Yes. It happened on my 2013 Beetle TDI, however I did not address the issue so I don’t know if there is a solution to it.


----------



## Achtball’s Dad (Nov 17, 2017)

Greetings,
I had the exact issue with my ?13 TDi and after a VWOA tech rep. looked at it with the service manager at the dealership, they agreed to replace the roof panel. The tech rep. stated that the black roof panels are plastic and they are not painted or clear coated, the color is molded into the plastic and the panel is adhesive bonded (glued on) to the roof structure. He also said mine was the very first one he?d seen that was flaking/peeling off. The dealership sent the car out to a contract body shop for the repair and it took over two weeks to get it back. The roof repair looks good, unfortunately they damaged the clear coat on the entire car, when they were grinding the old adhesive away and apparently neglected to mask/cover the car and embeded grinder particles all over my black car (looks like very fine whitish/silver overspray) and neither the dealership or bodyshop were able to mitigate the problem via claybar or buffing. My own paint and body guy tells me that this will lead to premature failure of my clearcoat and that I should try to get VWOA to agree to pay for having it re-cleared. If you get them to agree to repair/replace your roof...watch them like a hawk and make sure they mask/cover the entire car during the repair to avoid a problem like mine. I also know of at least one other owner who had their roof replaced due to this same issue (peeling) only to have the new panel come unbonded and blow off while driving down the freeway. Hope that you get a more favorable result than they or I did. Cheers. ??


----------



## mydogmandy (Jul 5, 2013)

Achtball’s Dad said:


> Greetings,
> I had the exact issue with my ?13 TDi and after a VWOA tech rep. looked at it with the service manager at the dealership, they agreed to replace the roof panel. The tech rep. stated that the black roof panels are plastic and they are not painted or clear coated, the color is molded into the plastic and the panel is adhesive bonded (glued on) to the roof structure. He also said mine was the very first one he?d seen that was flaking/peeling off. The dealership sent the car out to a contract body shop for the repair and it took over two weeks to get it back. The roof repair looks good, unfortunately they damaged the clear coat on the entire car, when they were grinding the old adhesive away and apparently neglected to mask/cover the car and embeded grinder particles all over my black car (looks like very fine whitish/silver overspray) and neither the dealership or bodyshop were able to mitigate the problem via claybar or buffing. My own paint and body guy tells me that this will lead to premature failure of my clearcoat and that I should try to get VWOA to agree to pay for having it re-cleared. If you get them to agree to repair/replace your roof...watch them like a hawk and make sure they mask/cover the entire car during the repair to avoid a problem like mine. I also know of at least one other owner who had their roof replaced due to this same issue (peeling) only to have the new panel come unbonded and blow off while driving down the freeway. Hope that you get a more favorable result than they or I did. Cheers. ??
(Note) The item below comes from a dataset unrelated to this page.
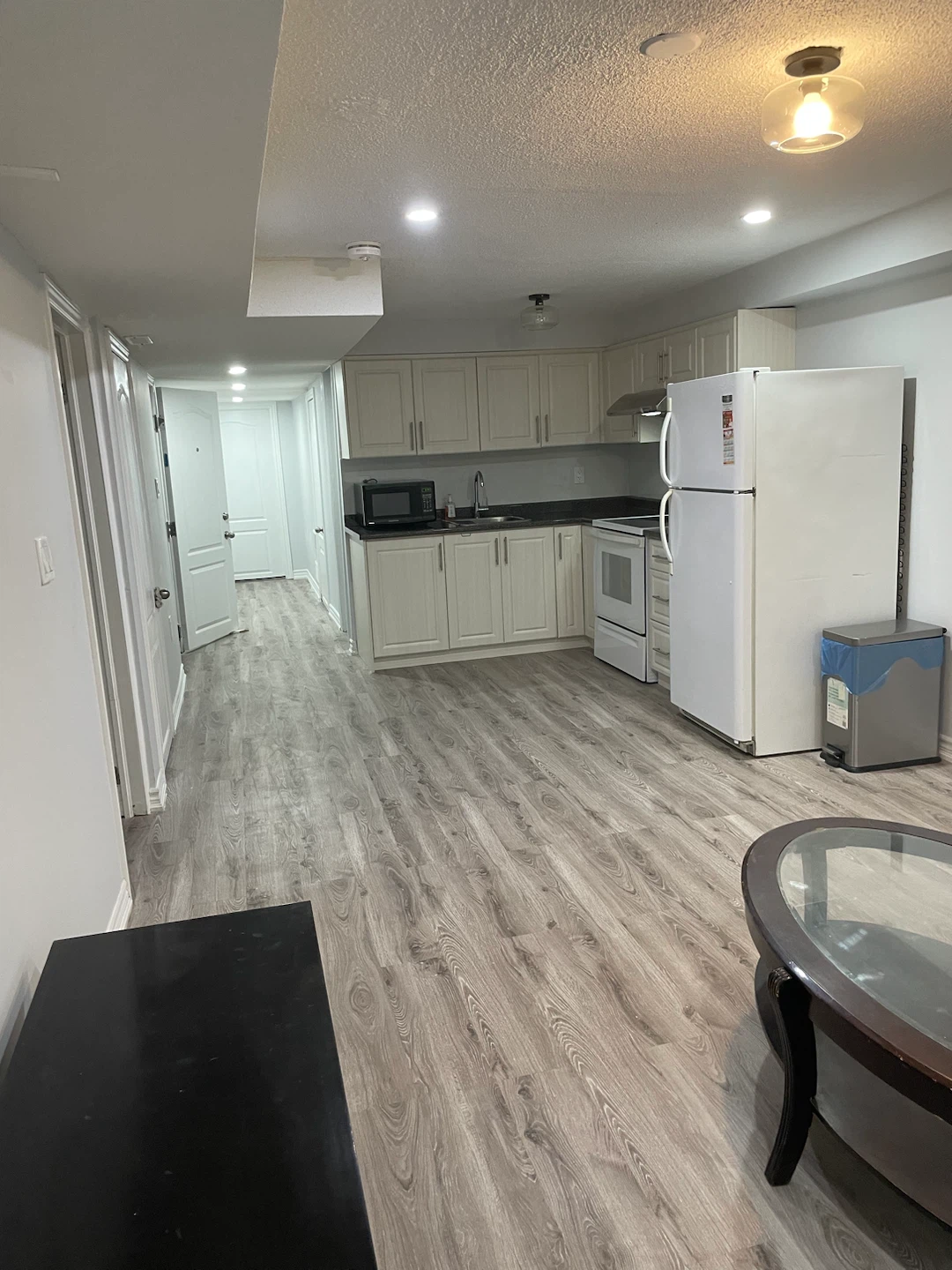 Spacious and clean 2-bedroom basement available for rent - photo 2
Thank you for the heads up! Just curious - what was the mileage on your car when they agreed to the replacement? Was it still in the 3-36 or after?


----------



## Achtball’s Dad (Nov 17, 2017)

mydogmandy said:


> Thank you for the heads up! Just curious - what was the mileage on your car when they agreed to the replacement? Was it still in the 3-36 or after?
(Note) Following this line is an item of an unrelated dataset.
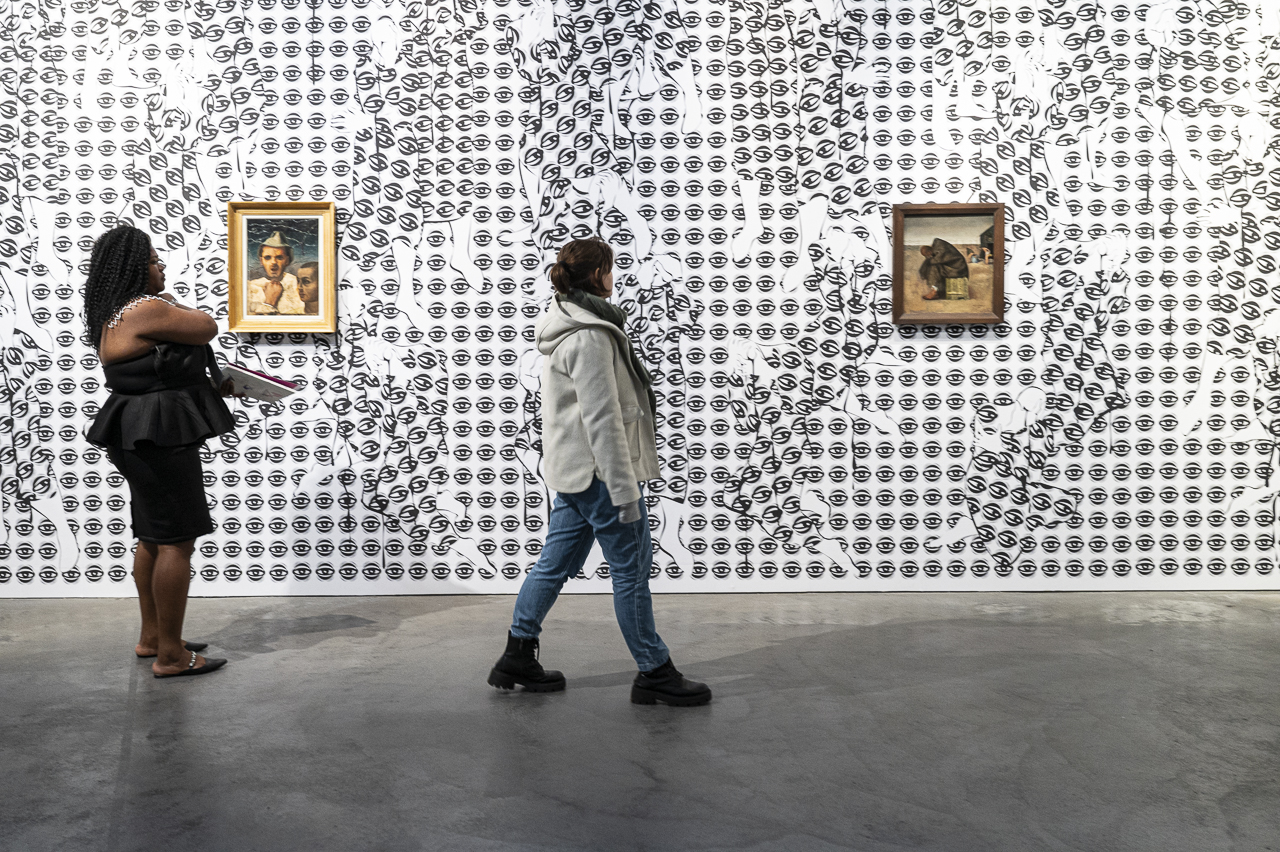 Participants visit PARASTOU FOROUHAR’s, “The Eyes”, since 2018. Exhibition view of Felix-Nussbaum-Haus in the Museumsquartier Osnabrück, Photo © Angela von Brill, 2023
I was just inside of the 3/36k when I asked them to look at the problem and just out when they did the repair. 
I think that since this is a known issue with some of these cars with the pano roofs, you should push VWOA to
repair it for free,even if you’re past your warranty period. This failure is CLEARLY due to defective workmanship/manufacturing. Good luck for afavorable outcome!


----------



## mydogmandy (Jul 5, 2013)

*Update 12/04*

After a trip to the dealership so they could see that flaking off of the coating on my roof, the regional case manager offered 50% off the repair. After getting a quote from the dealership for over $900 for just the part, I declined the offer and wrote to the executive email to express my disappointment with the decision.
I received a call back, and they opened the case again with someone from the executive response team. 
After about 5 calls back and forth and another trip to the dealership so they could see it again, the executive response was the same - 50% off.
They never gave me a quote for labor to replace. The regional rep stated there was no one above her I could talk to - but obviously there is.
I do believe this is a know issue, and VW would rather just stay quiet about it and hope it happens outside the warranty period.
They said they were doing me a huge favor since it was "so far out of warranty" at 77,000 miles, but only 4.5 years old.

Also the service manager told me they look for 2 things - loyalty to the brand (2013 Beetle & 2011 Tiguan), and loyalty to the dealership (I do all my own oil changes, rotations, & other service). Since I do not pay $90+ for their oil changes I guess they won't "reward" me with fixing something they knew had issues?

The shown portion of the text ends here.